Produce exactly the lines from the one holding "Oroton Flower Sequin" through the last line of the data below, with every picture left out.

........

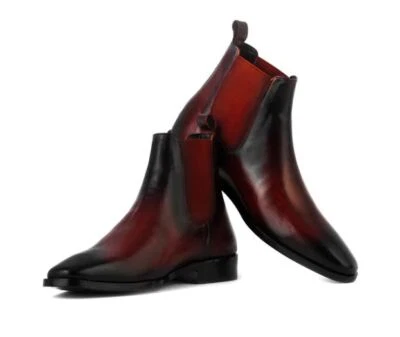 Men Reddish Leather Chelsea boots, Men Ankle boots, Men dress boots - Image 1 of 4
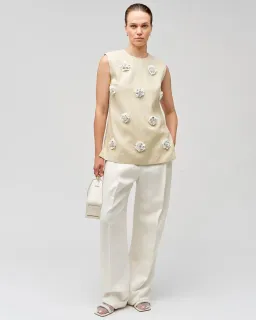 Oroton Flower Sequin Tunic Limestone Size 6 for rent on The Volte - image 1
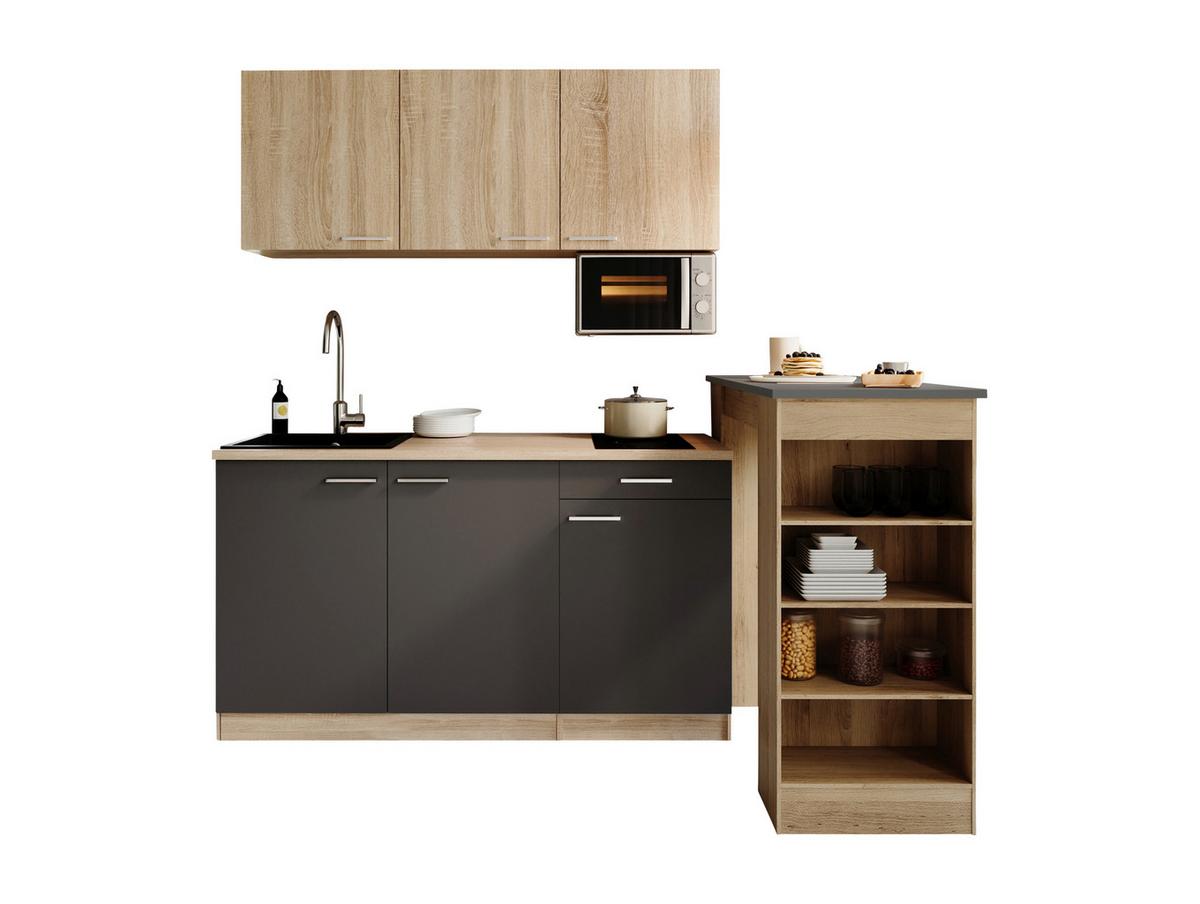 Miniküche Ingrid m. Geräten ca. 150cm Grau - Eichefarben/Alufarben, Design, Holzwerkstoff/Kunststoff (150cm) - Respekta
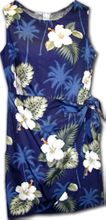 Cotton Hawaiian Dresses Navy Sarong Hibiscus Islands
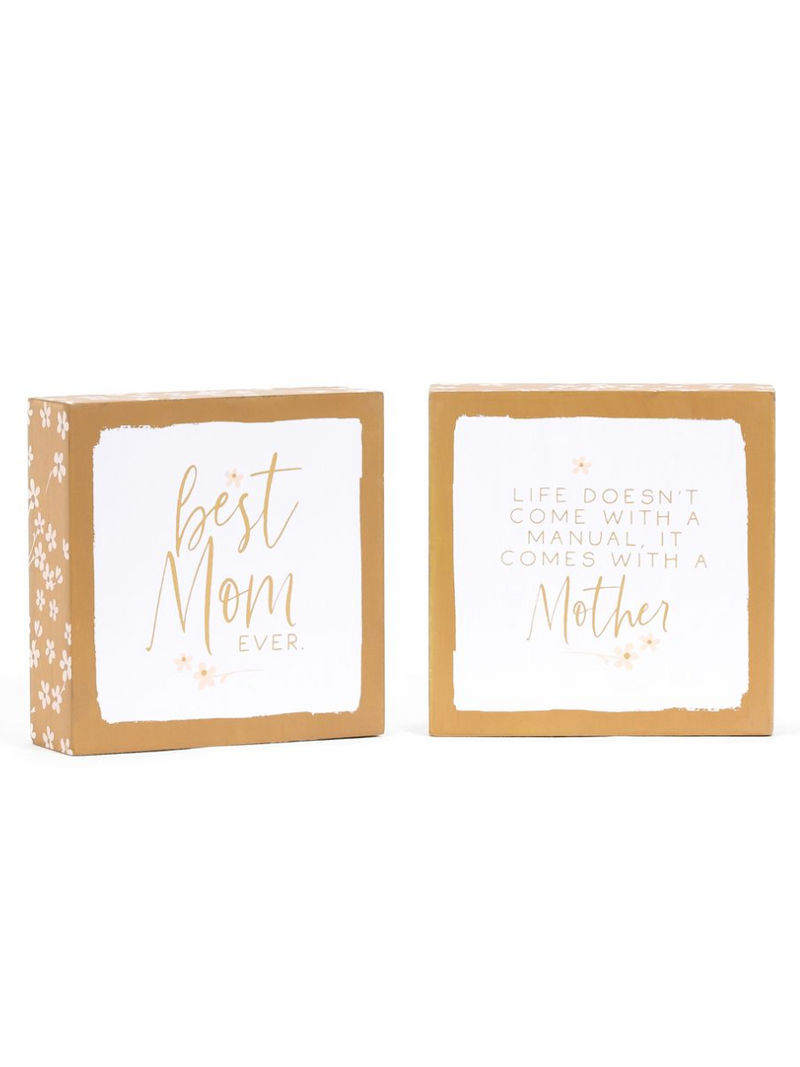 5x5 Mom/Mother Reversible Wood Sign
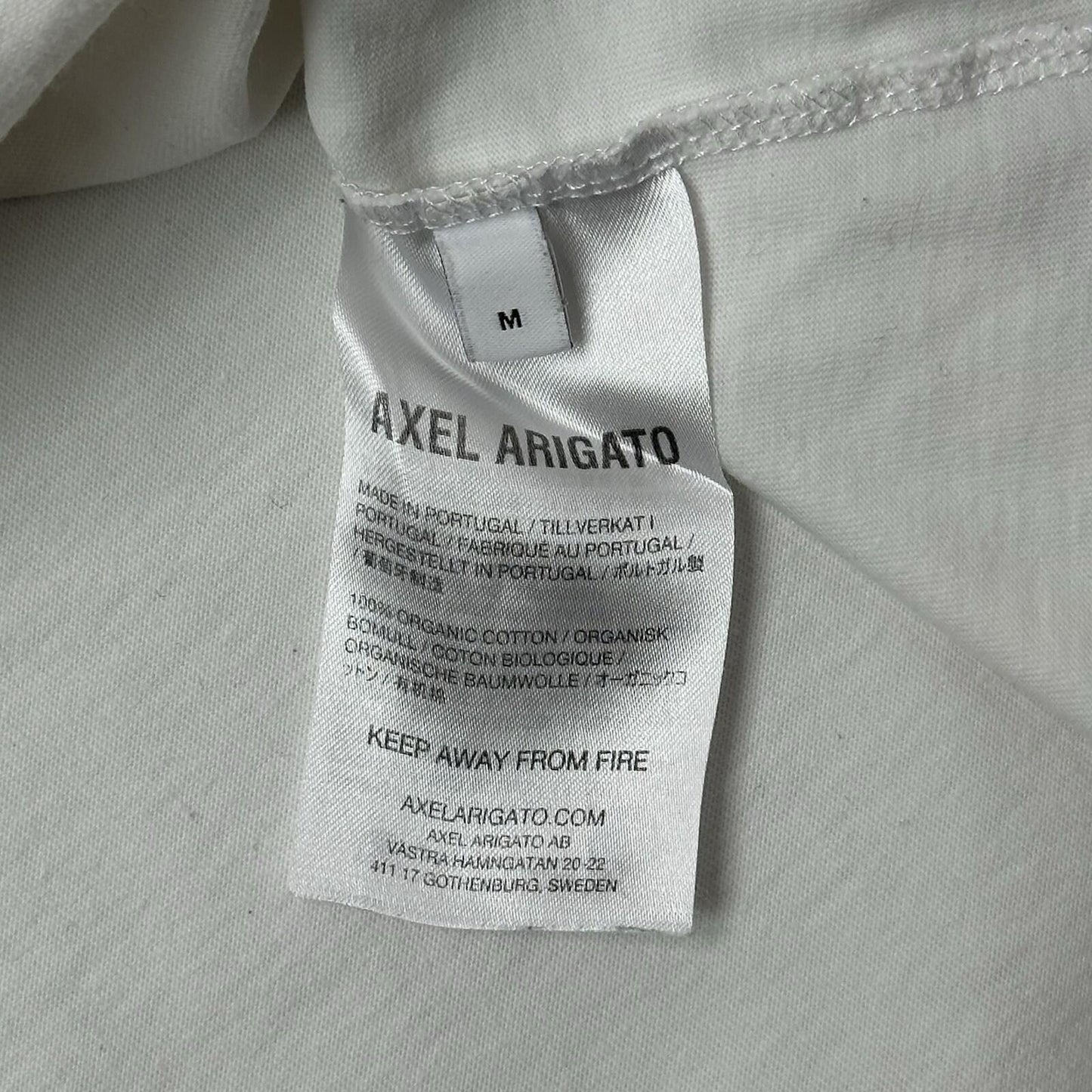 SS20 Axel Arigato T-Shirt Men’s Medium White Embroidered Logo Made In Portugal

........

Answer below =>
 Oroton Flower Sequin Tunic Limestone Size 6 for rent on The Volte - image 1
 Miniküche Ingrid m. Geräten ca. 150cm Grau - Eichefarben/Alufarben, Design, Holzwerkstoff/Kunststoff (150cm) - Respekta
 Cotton Hawaiian Dresses Navy Sarong Hibiscus Islands
 5x5 Mom/Mother Reversible Wood Sign
 SS20 Axel Arigato T-Shirt Men’s Medium White Embroidered Logo Made In Portugal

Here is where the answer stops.